Looking into the counterfeit matter a bit more, some collectors online suggested to see if the card stock of raw cards was “cereal box gray” on the back, as it should be, and to check for that “old paper smell.” So, as always, buyer beware and if it looks too good to be true, it just might be fake. That being said, there is some good news to mention on this subject: Bernheim noted that he has never come across a fake ’52 Wheaties card, period.
A search of eBay listings for this early ‘50s issue showed several graded cards and a number or raw examples, too. Of course there was no way to tell the smell of the collectibles through a computer screen, but where pictures were provided for the card backs, every related listing I saw appeared to show authentic cards from 1952.
At press time only about 1,400 total 1952 Wheaties cards had been slabbed by PSA, with some 60 of those showing Yogi Berra. That pales in comparison to Bowman (866) and Topps (1,013) encapsulated Berras from that same season. Ted Williams’ numbers in those categories, meanwhile, are even more striking in many ways: Wheaties (110), Bowman and Topps, zero. So, at times, the Wheaties set does provide a fun alternative for an athlete’s somewhat more mainstream card (or lack thereof) from that period.
Prices for the ’52 Wheaties cards can range from a just couple dollars each for lower condition common cards to hundreds of dollars for top-end stars and occasionally for the rare commons in supreme shape (see the sidebar below for recent auction results).

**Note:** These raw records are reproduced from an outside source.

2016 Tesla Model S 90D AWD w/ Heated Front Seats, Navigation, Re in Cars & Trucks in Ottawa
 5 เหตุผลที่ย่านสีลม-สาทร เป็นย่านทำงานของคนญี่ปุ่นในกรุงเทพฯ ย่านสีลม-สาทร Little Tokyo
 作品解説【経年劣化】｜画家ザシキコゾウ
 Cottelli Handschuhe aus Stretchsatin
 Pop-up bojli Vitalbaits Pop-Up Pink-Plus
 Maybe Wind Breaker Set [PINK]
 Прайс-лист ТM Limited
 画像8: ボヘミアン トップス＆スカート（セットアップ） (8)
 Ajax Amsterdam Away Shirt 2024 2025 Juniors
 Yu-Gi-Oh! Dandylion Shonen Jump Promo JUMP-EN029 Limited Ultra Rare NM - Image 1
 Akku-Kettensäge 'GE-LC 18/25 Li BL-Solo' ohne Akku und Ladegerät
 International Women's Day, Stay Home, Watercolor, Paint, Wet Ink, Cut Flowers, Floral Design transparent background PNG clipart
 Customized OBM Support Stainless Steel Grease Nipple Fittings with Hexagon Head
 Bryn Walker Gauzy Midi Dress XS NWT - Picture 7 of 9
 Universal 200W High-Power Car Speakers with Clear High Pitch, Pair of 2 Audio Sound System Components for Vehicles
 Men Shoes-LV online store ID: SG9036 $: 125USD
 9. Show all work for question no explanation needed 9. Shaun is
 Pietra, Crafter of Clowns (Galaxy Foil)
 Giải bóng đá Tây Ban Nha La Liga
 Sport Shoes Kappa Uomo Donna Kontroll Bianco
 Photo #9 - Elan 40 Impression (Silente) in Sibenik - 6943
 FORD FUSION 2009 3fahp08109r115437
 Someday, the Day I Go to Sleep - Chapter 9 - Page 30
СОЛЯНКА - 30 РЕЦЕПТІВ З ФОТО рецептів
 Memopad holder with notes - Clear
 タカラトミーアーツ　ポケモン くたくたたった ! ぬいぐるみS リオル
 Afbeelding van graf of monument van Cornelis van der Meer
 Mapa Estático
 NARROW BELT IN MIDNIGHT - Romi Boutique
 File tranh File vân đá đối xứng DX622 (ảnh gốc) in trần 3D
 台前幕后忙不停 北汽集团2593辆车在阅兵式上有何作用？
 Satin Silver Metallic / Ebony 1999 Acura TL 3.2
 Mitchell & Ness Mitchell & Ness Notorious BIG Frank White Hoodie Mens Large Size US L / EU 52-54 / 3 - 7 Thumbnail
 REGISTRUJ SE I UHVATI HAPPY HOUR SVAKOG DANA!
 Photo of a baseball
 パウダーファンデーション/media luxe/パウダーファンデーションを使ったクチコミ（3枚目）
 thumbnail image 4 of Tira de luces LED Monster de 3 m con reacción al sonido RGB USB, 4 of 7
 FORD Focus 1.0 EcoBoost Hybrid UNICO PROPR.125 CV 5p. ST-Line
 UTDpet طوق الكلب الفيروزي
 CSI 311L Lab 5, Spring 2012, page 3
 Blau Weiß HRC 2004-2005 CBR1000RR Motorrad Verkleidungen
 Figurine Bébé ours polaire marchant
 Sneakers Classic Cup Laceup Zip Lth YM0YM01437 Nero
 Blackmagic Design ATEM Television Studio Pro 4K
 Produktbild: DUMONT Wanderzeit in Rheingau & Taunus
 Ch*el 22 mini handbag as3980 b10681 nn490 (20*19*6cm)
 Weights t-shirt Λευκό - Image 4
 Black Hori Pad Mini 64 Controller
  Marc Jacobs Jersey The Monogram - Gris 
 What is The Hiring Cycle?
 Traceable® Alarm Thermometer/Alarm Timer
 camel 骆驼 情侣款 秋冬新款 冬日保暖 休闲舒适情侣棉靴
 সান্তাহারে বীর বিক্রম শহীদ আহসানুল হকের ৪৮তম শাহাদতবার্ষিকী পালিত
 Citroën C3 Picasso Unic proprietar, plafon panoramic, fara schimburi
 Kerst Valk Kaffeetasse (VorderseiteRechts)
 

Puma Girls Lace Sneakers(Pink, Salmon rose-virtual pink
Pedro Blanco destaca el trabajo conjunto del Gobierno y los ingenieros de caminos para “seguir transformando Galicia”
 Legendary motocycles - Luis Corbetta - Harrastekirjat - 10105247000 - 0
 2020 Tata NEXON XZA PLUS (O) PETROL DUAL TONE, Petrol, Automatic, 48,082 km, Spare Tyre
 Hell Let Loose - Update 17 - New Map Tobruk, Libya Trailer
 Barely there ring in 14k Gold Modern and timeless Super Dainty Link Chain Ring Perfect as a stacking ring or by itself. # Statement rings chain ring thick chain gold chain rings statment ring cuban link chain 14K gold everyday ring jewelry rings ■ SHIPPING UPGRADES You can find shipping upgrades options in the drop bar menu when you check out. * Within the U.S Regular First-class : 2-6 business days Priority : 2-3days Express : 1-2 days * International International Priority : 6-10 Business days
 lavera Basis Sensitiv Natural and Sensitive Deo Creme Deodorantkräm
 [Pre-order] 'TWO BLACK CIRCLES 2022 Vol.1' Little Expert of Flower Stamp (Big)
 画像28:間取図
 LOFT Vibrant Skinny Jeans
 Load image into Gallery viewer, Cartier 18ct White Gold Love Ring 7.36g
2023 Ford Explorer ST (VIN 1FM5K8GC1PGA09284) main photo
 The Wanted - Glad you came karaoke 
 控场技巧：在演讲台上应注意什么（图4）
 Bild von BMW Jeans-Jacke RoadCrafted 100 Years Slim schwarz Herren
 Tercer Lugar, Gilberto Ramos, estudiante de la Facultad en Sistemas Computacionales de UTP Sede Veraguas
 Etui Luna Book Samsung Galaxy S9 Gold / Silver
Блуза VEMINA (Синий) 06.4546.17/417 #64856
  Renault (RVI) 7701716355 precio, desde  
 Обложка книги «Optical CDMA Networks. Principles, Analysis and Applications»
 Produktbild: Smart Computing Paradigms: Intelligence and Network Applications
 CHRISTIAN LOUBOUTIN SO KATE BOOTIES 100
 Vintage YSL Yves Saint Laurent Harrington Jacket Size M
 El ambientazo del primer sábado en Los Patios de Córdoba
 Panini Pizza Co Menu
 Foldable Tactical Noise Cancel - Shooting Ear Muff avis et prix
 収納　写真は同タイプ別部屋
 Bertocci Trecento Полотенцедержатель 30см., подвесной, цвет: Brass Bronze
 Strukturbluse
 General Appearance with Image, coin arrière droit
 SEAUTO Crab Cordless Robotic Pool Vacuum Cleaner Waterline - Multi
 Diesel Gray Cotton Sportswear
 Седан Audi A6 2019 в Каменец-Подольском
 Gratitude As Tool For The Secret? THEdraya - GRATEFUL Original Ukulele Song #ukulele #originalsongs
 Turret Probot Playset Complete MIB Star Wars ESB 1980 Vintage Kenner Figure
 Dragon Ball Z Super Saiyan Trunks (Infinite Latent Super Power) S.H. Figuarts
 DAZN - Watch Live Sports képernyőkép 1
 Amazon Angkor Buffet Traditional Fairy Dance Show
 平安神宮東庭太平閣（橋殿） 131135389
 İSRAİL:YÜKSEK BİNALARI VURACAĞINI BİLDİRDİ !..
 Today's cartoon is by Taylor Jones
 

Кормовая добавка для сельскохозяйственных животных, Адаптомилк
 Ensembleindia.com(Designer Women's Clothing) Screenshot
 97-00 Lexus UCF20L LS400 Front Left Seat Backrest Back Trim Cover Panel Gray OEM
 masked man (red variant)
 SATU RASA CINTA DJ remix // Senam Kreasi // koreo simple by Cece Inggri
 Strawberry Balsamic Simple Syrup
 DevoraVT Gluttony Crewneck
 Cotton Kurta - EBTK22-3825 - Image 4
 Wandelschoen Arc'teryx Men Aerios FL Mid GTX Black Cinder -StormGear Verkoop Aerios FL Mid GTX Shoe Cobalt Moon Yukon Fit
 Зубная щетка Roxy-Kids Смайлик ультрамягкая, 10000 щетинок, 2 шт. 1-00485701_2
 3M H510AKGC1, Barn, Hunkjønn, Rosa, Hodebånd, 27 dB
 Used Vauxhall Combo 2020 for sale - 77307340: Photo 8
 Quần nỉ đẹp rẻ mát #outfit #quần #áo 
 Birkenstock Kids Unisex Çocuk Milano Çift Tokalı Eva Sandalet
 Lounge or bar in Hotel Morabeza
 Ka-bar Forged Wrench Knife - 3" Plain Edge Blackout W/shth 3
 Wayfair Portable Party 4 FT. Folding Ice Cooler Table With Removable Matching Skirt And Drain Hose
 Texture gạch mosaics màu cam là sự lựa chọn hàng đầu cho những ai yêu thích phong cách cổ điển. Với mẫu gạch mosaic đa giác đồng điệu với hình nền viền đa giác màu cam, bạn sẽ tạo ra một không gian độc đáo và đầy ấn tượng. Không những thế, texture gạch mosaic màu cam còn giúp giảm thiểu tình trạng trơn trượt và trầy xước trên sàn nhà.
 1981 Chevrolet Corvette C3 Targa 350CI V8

In 1952, Wheaties also provided tin trays that came glued on the back of some of the boxes. Four baseball players appeared on the approximately 5-by-5-inch trays: Ralph Kiner, Stan Musial, Phil Rizzuto and, the rarest, Jackie Robinson. In a 2014 auction, an Excellent condition Robinson tray sold for around $1,300.
Looking ahead
With the variety of sports and athletes appearing in the ‘52 Wheaties set, the future of the issue within the hobby appears reasonably limited but promising, somewhat like the coverage of the first MLB games shown on TV.
And one additional tidbit about Wheaties: the crunchy breakfast staple was reportedly the subject of one of the initial, if not “the” first radio advertisement presented as a jingle. To slightly paraphrase part of that singing ad from 1926, “Have you tried Wheaties (cards)?” If so, you have at least a taste for the issue. If not, check them out. Like the cereal, they might just add a boost to your day.